Et pourtant, toutes les opportunités étaient là, alimentées expressément par Nangaa: des fichiers corrompus au système central de la CENI, à la machine à voter… Il y avait vraiment lieu de réussir à bloquer ces élections. Cela n’a pas été fait. Aucune action d’éclat n’a pu éclabousser le processus. Tous les candidats ont joué le jeu, acceptant, à leur corps défendant, tous les mécanismes mis en place. Avant même que la date d’élections ne soit connue, certaines personnes ont, des années durant, récolté de l’argent pour une action de force.
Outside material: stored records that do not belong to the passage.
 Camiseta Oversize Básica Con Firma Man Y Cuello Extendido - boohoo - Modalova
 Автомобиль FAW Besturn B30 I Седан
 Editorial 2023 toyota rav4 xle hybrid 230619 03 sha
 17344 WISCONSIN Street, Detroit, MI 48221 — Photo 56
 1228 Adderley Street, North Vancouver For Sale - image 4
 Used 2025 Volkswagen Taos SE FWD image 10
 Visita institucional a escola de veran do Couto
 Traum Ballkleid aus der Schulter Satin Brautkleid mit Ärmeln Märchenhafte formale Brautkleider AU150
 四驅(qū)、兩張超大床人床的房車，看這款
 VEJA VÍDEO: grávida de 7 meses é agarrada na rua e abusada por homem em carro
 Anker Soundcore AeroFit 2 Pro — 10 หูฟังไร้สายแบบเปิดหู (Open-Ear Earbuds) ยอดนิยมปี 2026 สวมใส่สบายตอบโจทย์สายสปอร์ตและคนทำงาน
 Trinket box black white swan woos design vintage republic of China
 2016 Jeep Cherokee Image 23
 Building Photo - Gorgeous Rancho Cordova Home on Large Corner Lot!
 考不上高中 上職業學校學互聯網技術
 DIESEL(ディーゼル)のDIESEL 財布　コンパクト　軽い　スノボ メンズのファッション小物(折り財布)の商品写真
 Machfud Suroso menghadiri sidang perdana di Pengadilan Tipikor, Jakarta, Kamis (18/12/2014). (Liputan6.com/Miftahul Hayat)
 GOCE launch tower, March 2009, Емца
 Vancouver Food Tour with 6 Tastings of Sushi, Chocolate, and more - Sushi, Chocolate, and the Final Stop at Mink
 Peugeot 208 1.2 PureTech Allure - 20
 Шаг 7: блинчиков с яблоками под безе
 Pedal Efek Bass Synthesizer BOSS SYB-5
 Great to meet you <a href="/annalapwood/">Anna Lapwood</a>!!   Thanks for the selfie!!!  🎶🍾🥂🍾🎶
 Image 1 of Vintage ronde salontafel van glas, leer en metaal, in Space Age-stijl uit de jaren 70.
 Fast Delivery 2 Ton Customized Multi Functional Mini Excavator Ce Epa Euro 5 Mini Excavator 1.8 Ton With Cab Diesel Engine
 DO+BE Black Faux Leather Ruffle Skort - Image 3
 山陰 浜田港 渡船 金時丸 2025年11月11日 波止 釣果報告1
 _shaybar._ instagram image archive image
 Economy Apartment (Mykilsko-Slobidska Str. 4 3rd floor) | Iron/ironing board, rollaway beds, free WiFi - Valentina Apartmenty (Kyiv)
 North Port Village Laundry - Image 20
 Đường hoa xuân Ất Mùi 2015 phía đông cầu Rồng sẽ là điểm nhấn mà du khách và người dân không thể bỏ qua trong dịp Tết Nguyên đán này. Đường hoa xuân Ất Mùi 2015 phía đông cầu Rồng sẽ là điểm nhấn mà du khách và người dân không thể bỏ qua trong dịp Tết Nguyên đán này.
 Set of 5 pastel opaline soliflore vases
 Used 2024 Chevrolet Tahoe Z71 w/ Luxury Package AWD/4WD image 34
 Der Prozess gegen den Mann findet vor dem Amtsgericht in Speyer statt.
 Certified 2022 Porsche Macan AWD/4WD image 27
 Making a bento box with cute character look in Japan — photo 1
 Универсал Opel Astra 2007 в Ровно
Elles disaient avoir des plans qui ne pouvaient faillir. D’autres, par contre, ont multiplié des promesses via vidéos. Et, on en a avalé des tonnes. De toutes ces initiatives, s’il faut les appeler ainsi, rien ne s’est concrétisé. Kabila est resté inamovible.
Dès lors, qui faut-il réellement blâmer, ceux qui ont poussé Kabila dans ses derniers retranchements, en l’acculant, dos au mur, jusqu’à lui arracher le pouvoir, symbolique soit-il, ou ceux qui ont toujours tout repoussé, revendiquant un radicalisme sur papier ou en parole, qui n’a jamais produit d’étincelles?
En attendant des analyses historiques qui viendront, le moment est venu de se questionner, à chaud, sur les actions entreprises. Sur le bilan d’une lutte qui n’a pas récolté le résultat escompté. L’on ne peut pas toujours être là à condamner les autres, à critiquer à tout vent, sans avoir un œil critique sur ses propres actions. En fait, si aujourd’hui Kabila peut se targuer, selon une certaine assertion, de conserver encore le pouvoir, la faute ne pourrait-elle pas être imputée aussi aux jusqu’au-boutistes? Ils ont tant promis et ils continuent à promettre, faut-il vraiment qu’on les prenne au sérieux? C’est un simple questionnement, peut-être naïf, et non une hypothèse.